- Research & Course Help
Principle #1: The library is ultimately responsible for collection development and providing access to information resources.
Collection development is the provision of access to information in all formats through acquisition, borrowing, electronic connections, document delivery, and consortial arrangements. Collection development planning/policy is the identification of institutional needs, obligations, and limitations for collection development and the establishment of priorities and practices relative to these factors.
All library programs, including collection development, must be consistent with the academic goals and budgetary constraints of the University. To help ensure this, the Faculty Advisory Library Committee (FALC), which is a standing committee of the Faculty Council, advises and consults with the Associate Vice Chancellor for Library and Information Services about matters pertaining to the operation of the University Library. Its membership includes representation from all of the colleges of the University and the student body.
The principle stating the Library is ultimately responsible for its collections has been in effect since the Library was established; however, more specificity in the articulation of the University’s academic goals in recent years and generally reduced library funding have made application of the principle appropriate and necessary more often.
Principle #2: The library will define, develop, and manage its collections in cooperation with each academic unit through a mutually acceptable mechanism.
The Library encourages faculty participation in collection development. At present, each academic department assigns a member of its faculty to serve as library representative. This individual authorizes and maintains records of departmental library materials requests, encourages faculty review and participation in selection of approval titles, and coordinates the distribution of information to and from the Library.
The Library’s Reference librarians are each responsible for one or more subject areas in terms of bibliographic instruction, collection development (including access to electronic resources), and liaison work with the academic departments (including assistance with the library component of new course and program proposals and accreditation reports). At present, some departments ask that their liaisons initiate most of their requests and collection development activities, some ask for assistance to varying degrees, and others have little interaction with the liaisons.
This principle will encourage review and establishment of a mechanism acceptable to the department and Library. It will involve representatives from each who will work together to develop the collections. Different arrangements may result among the departments. Faculty will be encouraged to submit requests as they always have, while liaisons will also be able to initiate purchases for subject area related resources.
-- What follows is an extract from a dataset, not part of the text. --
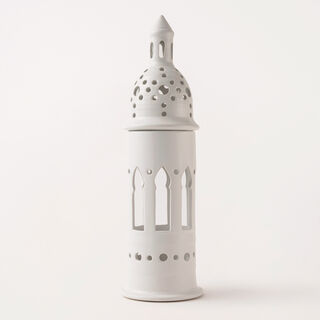 Homez off white ceramic white candle holder 11.3*11.3*38.2 cm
Recommendations: The Library, in cooperation with the FALC, will review the role of the college/department library representative with greater consideration for substantive interaction with the library liaison. The Head of Collection Development will initiate this process.
The Library will adjust the current allocation of staff to collection development to make it possible to strengthen the role of the library liaisons.
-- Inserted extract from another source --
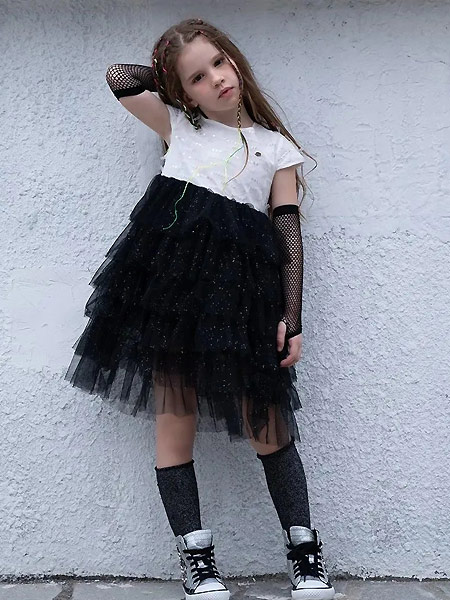 Folli Follie童装品牌2021夏短袖网纱连衣裙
Principle #3: The library will retain state-allocated funds for the departments’ use within the Library. Guidelines governing the expenditure of funds from the state-allocated library materials budget will be based on factors approved by the Faculty Advisory Library Committee (FALC).
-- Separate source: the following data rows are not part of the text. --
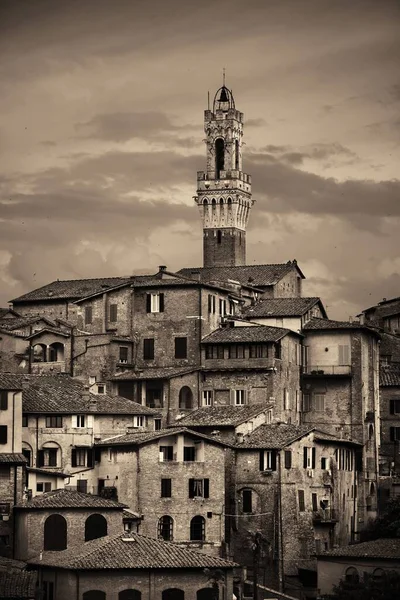 Medeltida Staden Siena Skyline Utsikt Med Historiska Byggnader Italien — Stockfoto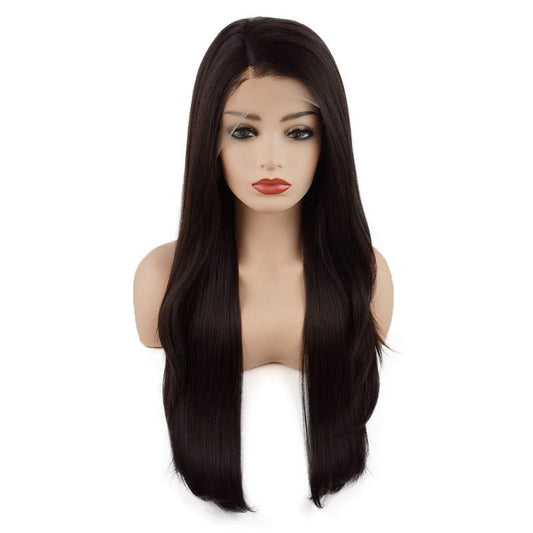 Meiyite Hair Straight Long 24inch Dark Auburn Heavy Density Realistic Heat Resistant Synthetic Lace Front Wig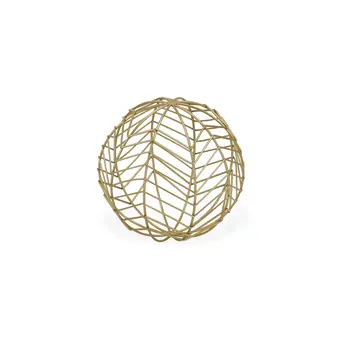 7" Gold Metal Hand Painted Decorative Orb Tabletop Sculpture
The Library must be able to exercise flexibility in the utilization of available funding so as to maintain stability and consistency in the development of its collections and access to information.
In the past, specific allocations to the colleges have been made on the basis of the following formula:
Continuing obligations (subscriptions, electronic services, approval plans, binding which require annual or otherwise regular payments) are estimated and subtracted from the total budget
30% of the remainder is assigned to the Library General Fund (for the purchase of reference, interdisciplinary, and general subject area materials)
The remainder is allocated to the six colleges according to two equally considered factors: number of FTE students weighted by course level (1000-2000 = 1:1; 3000-4000 = 2:1; 5000 and higher = 3:1), and number of FTE faculty. A percentage is established and the FTE student and FTE faculty percentages are added and divided by 2.
The formula percentages applied to departments have also served as useful guidelines against which to compare actual expenditures. The Library has provided information about fiscal year expenditures for academic areas by agreed upon categories of materials and order types (subscriptions, approval plan, firm orders, etc.). The major difference incorporated into this principle is that colleges/departments will no longer receive a formal allocation for discretionary purchases and that the formula percentages applied to total expenditures for areas will provide the framework for expenditure limitations.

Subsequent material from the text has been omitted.